Amid Faljaoui

Bataille commerciale: voitures électriques contre parmesan et roquefort!

La presse a raison de s’interroger : mais pourquoi donc, à chaque fois qu’il y a une bataille commerciale entre l’Europe et un pays externe, comme la Chine ou les États-Unis, ce sont des produits laitiers comme le roquefort, le parmesan ou le lait en poudre européen qui sont parmi les premières victimes de ces batailles commerciales ?
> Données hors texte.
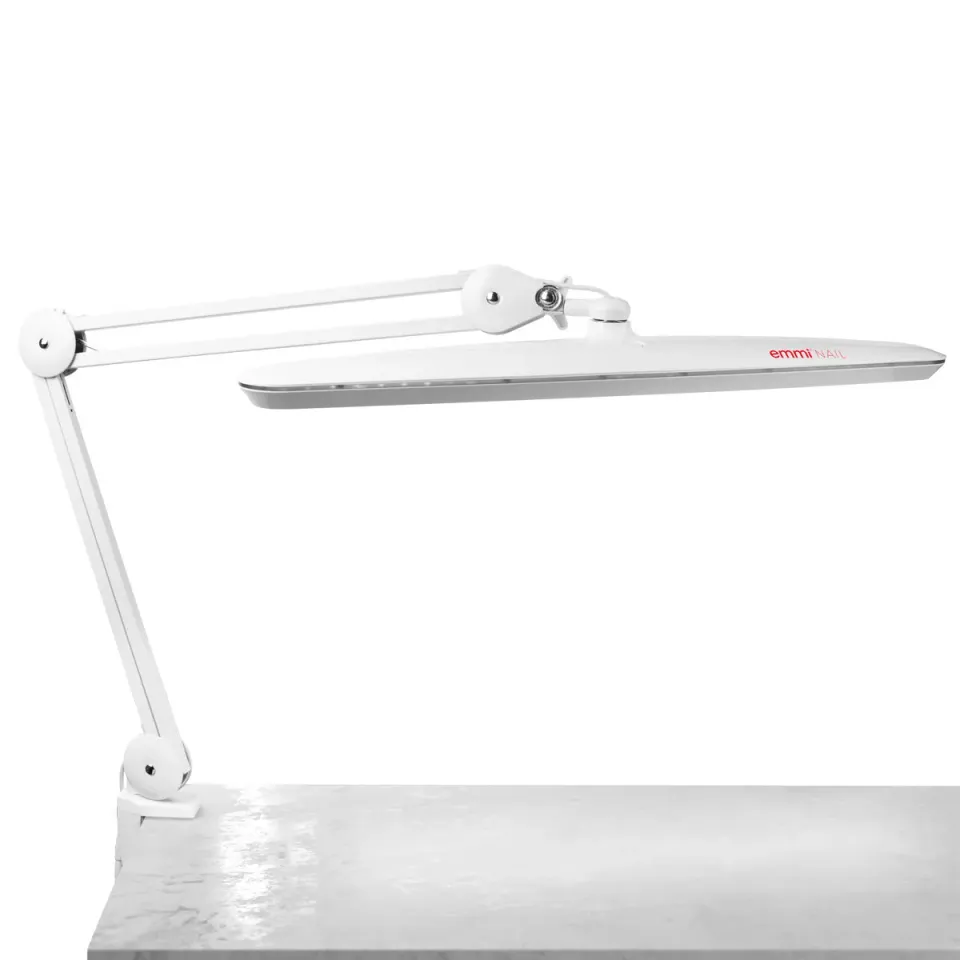 Emmi-Nail Flexi LED Arbeitsplatzleuchte 3.0 arbejdslys 24 W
Bonne question : après tout, ces produits agricoles ne sont pas de produits à haute valeur ajoutée technologique ? Mais avant d’y répondre, je voudrais vous raconter une anecdote qui montre que si, nous autres Européens, nous sous-estimons les Chinois, eux, en revanche, nous connaissent très bien et surtout nos faiblesses. Je ne sais pas si vous vous souvenez de Pascal Lamy, cet ancien commissaire européen et directeur général de l’organisation mondiale du commerce, il nous répétait à l’envie qu’il ne fallait pas avoir peur des Chinois. Motif ? Il fallait accepter de commercer avec eux, car disait-il, nous devions accepter que la Chine nous inonde de tee-shirts bon marché, car c’était le prix à payer pour nous permettre de leur vendre des avions Airbus. Sous-entendu, ils nous vendent des produits à faible valeur ajoutée alors que nous autres Européens exportions des produits de haute technologie.
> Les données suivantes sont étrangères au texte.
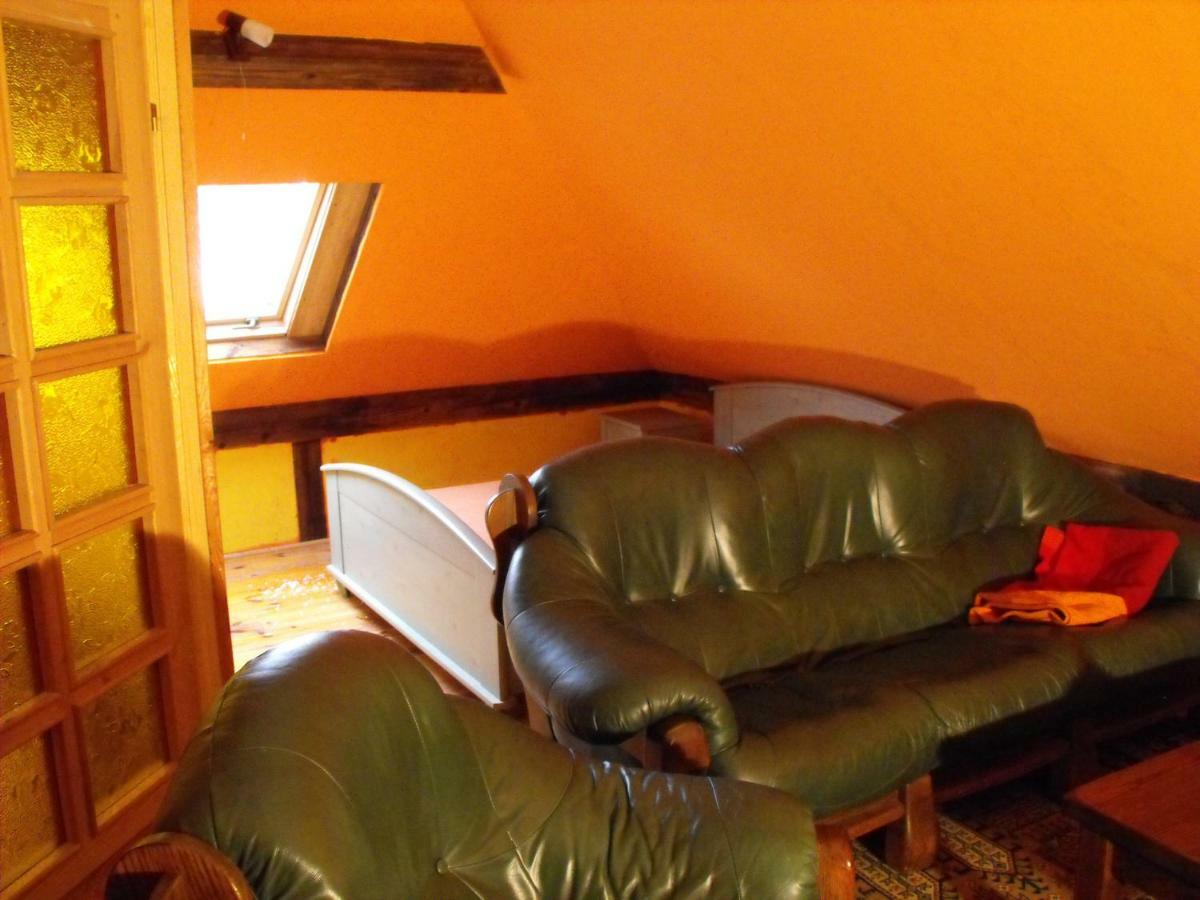 Farm stay Agroturystyka Zacisze Czarna Owca *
Mais quelle arrogance et quelle erreur dans cette phrase. Les Chinois ne se contentent plus aujourd’hui de fabriquer des tee-shirts, mais ils fabriquent aussi des trains électriques, des centrales nucléaires et même des voitures électriques. Or, justement, l’Europe a aujourd’hui peur d’être inondée de voitures électriques chinoises, raison pour laquelle, elle souhaite mettre en place des droits de douane sur celles-ci, car elle soupçonne ces voitures électriques d’être subventionnées de manière déloyale par le gouvernement chinois. Mais, et c’est là où j’en reviens au fait que les Chinois nous connaissent mieux que nous les connaissons. Pas plus tard que cette semaine, Pékin a rétorqué aux menaces de la Commission européenne en brandissant – eux aussi – l’arme d’une enquête anti-subvention sur les produits laitiers européens et en particulier les fromages européens.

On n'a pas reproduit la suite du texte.